**Exercise requirements:** Extract the final stretch of the data: the line that contains "a figurine of" and every line after it, unaltered, and no other lines.

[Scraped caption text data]
++++++

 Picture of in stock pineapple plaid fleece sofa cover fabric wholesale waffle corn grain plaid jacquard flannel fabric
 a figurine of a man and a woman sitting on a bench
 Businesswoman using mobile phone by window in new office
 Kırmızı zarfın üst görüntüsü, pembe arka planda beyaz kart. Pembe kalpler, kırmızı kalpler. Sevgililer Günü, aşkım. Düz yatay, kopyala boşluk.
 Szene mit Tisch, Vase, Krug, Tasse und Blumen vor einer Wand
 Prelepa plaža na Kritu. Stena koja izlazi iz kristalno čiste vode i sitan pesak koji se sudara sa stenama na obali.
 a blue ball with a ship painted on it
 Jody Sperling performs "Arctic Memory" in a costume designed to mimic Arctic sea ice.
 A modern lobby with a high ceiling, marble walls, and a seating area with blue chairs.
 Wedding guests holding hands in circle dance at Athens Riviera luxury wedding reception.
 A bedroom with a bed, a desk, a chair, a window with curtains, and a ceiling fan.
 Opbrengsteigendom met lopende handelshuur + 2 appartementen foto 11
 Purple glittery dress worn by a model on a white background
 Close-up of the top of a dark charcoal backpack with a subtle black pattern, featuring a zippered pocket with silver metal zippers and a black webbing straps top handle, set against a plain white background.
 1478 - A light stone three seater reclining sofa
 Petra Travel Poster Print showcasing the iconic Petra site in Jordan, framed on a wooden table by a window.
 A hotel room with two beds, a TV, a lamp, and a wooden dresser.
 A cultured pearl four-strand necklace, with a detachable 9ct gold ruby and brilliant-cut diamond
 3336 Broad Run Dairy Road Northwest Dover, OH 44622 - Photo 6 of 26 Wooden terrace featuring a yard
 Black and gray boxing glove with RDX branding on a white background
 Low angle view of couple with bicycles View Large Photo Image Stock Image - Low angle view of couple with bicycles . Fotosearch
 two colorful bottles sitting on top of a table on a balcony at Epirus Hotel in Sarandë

++++++

**Solution to this problem:**
 a figurine of a man and a woman sitting on a bench
 Businesswoman using mobile phone by window in new office
 Kırmızı zarfın üst görüntüsü, pembe arka planda beyaz kart. Pembe kalpler, kırmızı kalpler. Sevgililer Günü, aşkım. Düz yatay, kopyala boşluk.
 Szene mit Tisch, Vase, Krug, Tasse und Blumen vor einer Wand
 Prelepa plaža na Kritu. Stena koja izlazi iz kristalno čiste vode i sitan pesak koji se sudara sa stenama na obali.
 a blue ball with a ship painted on it
 Jody Sperling performs "Arctic Memory" in a costume designed to mimic Arctic sea ice.
 A modern lobby with a high ceiling, marble walls, and a seating area with blue chairs.
 Wedding guests holding hands in circle dance at Athens Riviera luxury wedding reception.
 A bedroom with a bed, a desk, a chair, a window with curtains, and a ceiling fan.
 Opbrengsteigendom met lopende handelshuur + 2 appartementen foto 11
 Purple glittery dress worn by a model on a white background
 Close-up of the top of a dark charcoal backpack with a subtle black pattern, featuring a zippered pocket with silver metal zippers and a black webbing straps top handle, set against a plain white background.
 1478 - A light stone three seater reclining sofa
 Petra Travel Poster Print showcasing the iconic Petra site in Jordan, framed on a wooden table by a window.
 A hotel room with two beds, a TV, a lamp, and a wooden dresser.
 A cultured pearl four-strand necklace, with a detachable 9ct gold ruby and brilliant-cut diamond
 3336 Broad Run Dairy Road Northwest Dover, OH 44622 - Photo 6 of 26 Wooden terrace featuring a yard
 Black and gray boxing glove with RDX branding on a white background
 Low angle view of couple with bicycles View Large Photo Image Stock Image - Low angle view of couple with bicycles . Fotosearch
 two colorful bottles sitting on top of a table on a balcony at Epirus Hotel in Sarandë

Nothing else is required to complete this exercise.